** Collected material follows **
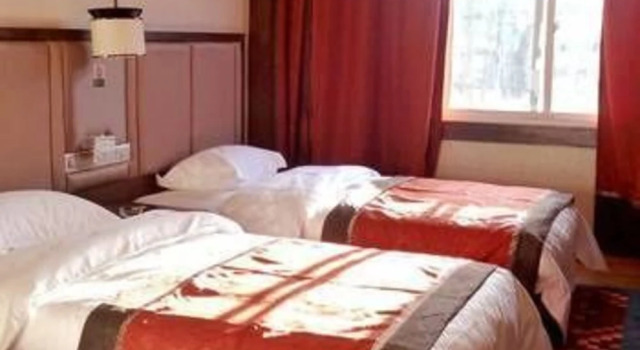 Heave Holiday Hotel, Boek Hotel Daocheng Sichuan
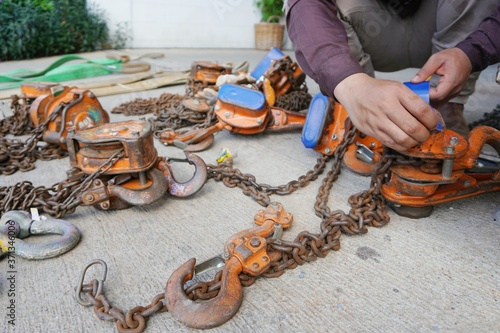 Orange color Industrial hook with chains or chain hoist on concrete floor to wait for the Monthly inspection which is a condition of use of the industrial factory, Department of oil and gas production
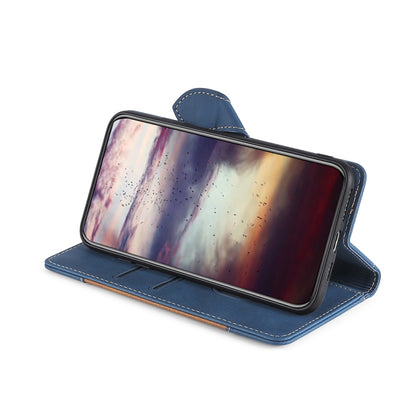 Blue leather flip phone case with magnetic buckle, front cover open and phone exposed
** End of Collected material **
● Exercise prompt
The lines to write out run from the one containing "Orange color Industrial" through the final line of the material above, both included; write them out exactly, with no pictures.

● Answer space
 Orange color Industrial hook with chains or chain hoist on concrete floor to wait for the Monthly inspection which is a condition of use of the industrial factory, Department of oil and gas production
 Blue leather flip phone case with magnetic buckle, front cover open and phone exposed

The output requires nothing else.